Sharon Shannon and Friends




Independent Records IRL001; 62 minutes; 2003



Liner notes are like Oscar-acceptance speeches, a sure-fire means of telling whether someone still follows the storyline or has completely lost the plot. So when the notes for Sharon Shannon’s fifth studio album, Libertango, include thanks to her accountants, hairdresser and dog, you should rightly worry.


Indeed, it’s a pity that there isn’t a picture of the dog’s breakfast for that would be more fitting, considering the hotchpotch of styles and unimaginative arrangements that bedevil Libertango. Sharon has long toyed with other musical genres – collaborating on 1994’s Out the Gap with reggae producer Denis Bovell, while 2000’s The Diamond Mountain Sessions saw her duetting with Galician piper Carlos Nuñez. – but, for every successful alliance, there’ve been appalling taste lapses such as her rendition of Fleetwood Mac’s Never Going Back Again or her employment of the corncrake-larynxed singer Dessie O’Halloran.
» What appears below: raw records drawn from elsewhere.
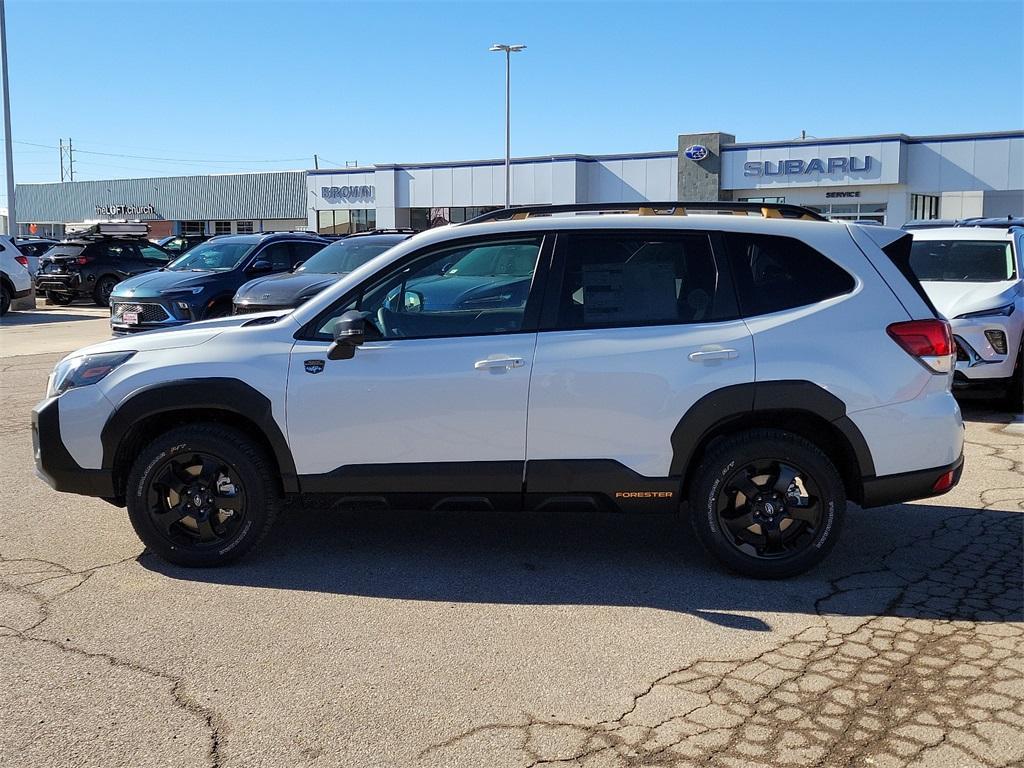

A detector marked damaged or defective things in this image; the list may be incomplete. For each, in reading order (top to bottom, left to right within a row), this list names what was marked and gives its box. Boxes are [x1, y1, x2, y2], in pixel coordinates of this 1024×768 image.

crack in pavement [0, 552, 224, 768]
crack in pavement [419, 505, 1019, 768]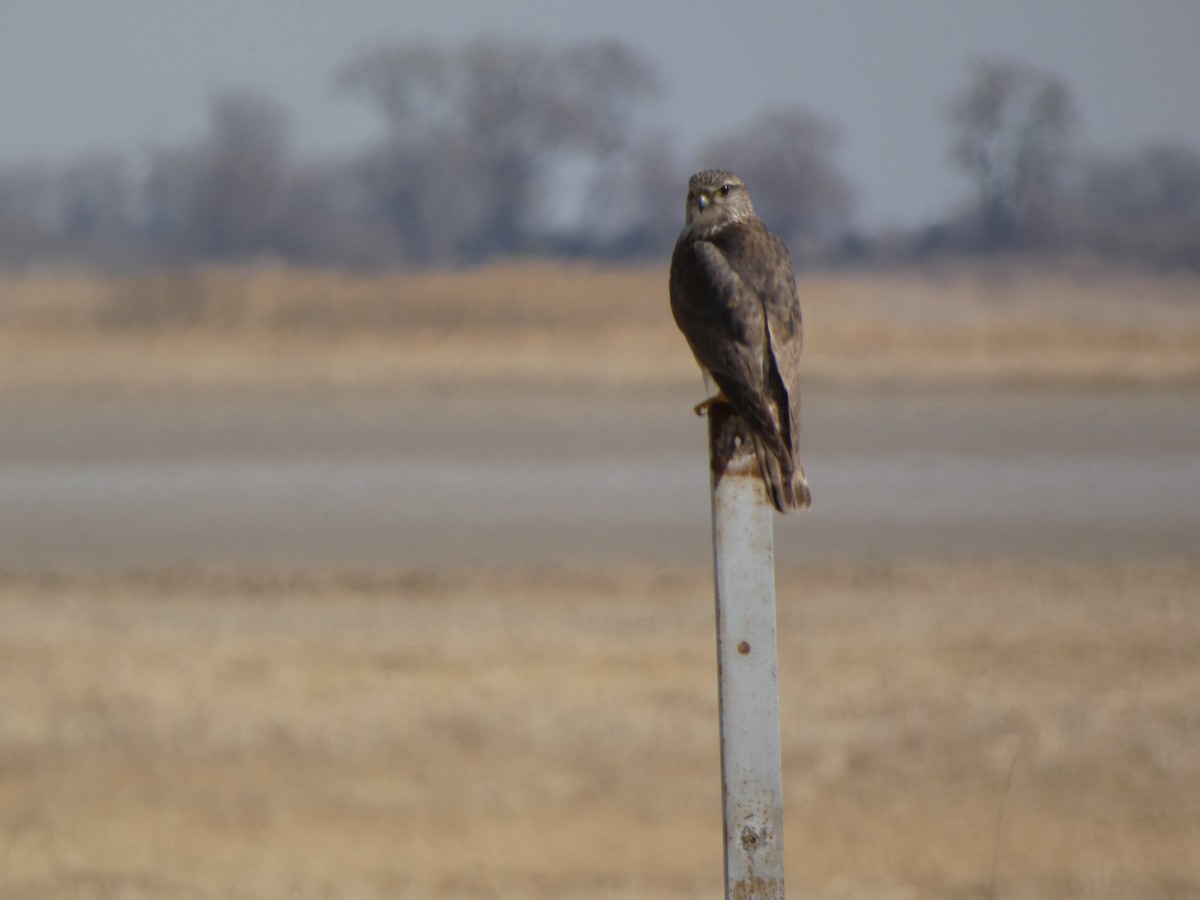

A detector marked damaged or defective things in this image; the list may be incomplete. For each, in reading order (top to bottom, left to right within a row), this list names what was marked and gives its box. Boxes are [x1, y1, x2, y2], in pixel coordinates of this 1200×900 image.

rusty metal post [704, 406, 788, 900]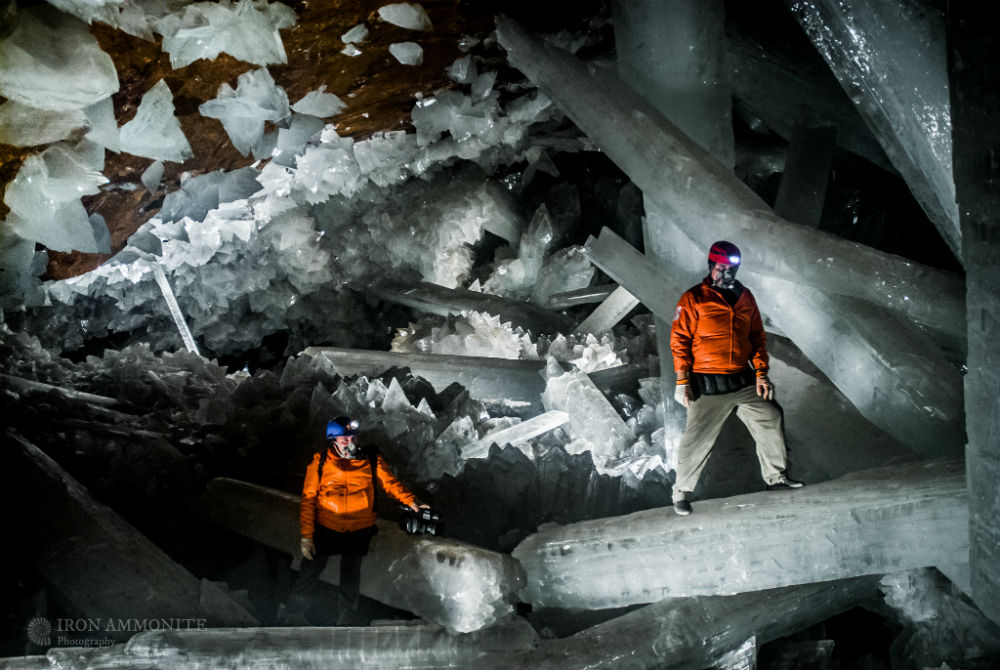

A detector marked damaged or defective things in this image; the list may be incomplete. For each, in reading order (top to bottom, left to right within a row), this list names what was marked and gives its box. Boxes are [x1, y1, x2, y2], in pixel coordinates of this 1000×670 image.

broken crystal fragment [0, 5, 119, 112]
broken crystal fragment [342, 22, 370, 43]
broken crystal fragment [376, 2, 432, 31]
broken crystal fragment [388, 42, 424, 66]
broken crystal fragment [119, 80, 193, 164]
broken crystal fragment [195, 68, 290, 158]
broken crystal fragment [290, 86, 348, 119]
broken crystal fragment [512, 462, 964, 616]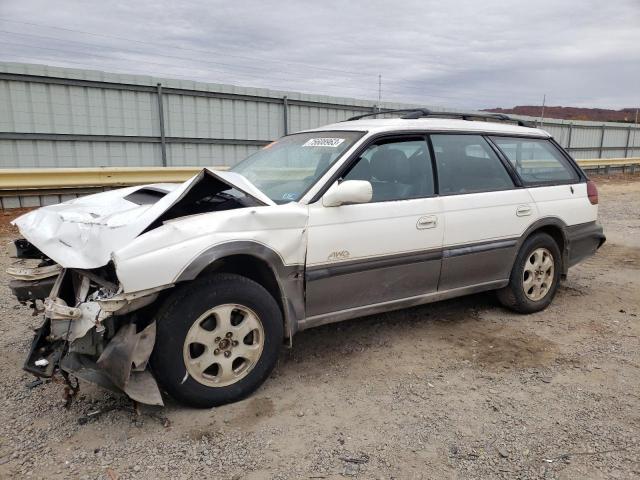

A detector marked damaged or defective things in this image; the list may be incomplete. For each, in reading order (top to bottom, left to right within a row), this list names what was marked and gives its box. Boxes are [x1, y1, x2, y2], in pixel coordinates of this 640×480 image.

Libertango’s opening track, The Whitestrand Sting encapsulates all those frustrations, its intro tantalisingly mixing Sharon’s accordion and a Latin-style brass section before embarking on a tune more plodding than a clapped-out carthorse, while her version of Peter Green’s Albatross is so leaden it’s a wonder the poor bird ever managed flight. As for the songs, well, the title track (featuring the late Kirsty MacColl) was originally released on 1996’s Each Little Thing. Pauline Scanlon is decidedly off-key on All the Ways You Wander while Sinéad O’Connor is simply herself on a couple of appearances. The two oddest, however, are Róisín Elsafty’s rendition of An Phailístin, a Gaelic/Egyptian-language song recounting the suffering of the Palestinian people, but getting a far too jolly accompaniment, and the closing What You Make It (da da da da) which reprises the opening track with the added gloss of the London rapper Marvel (watch out for the undoubted forthcoming single release!).


Sharon’s accountants, dog and hairdresser might be happy, but you’d be well advised to seek alternative entertainment. Indeed, it is highly possible that the first-named may become somewhat less than euphoric if the accordionist continues on a career path which sees her increasingly becoming a session-player on her own albums.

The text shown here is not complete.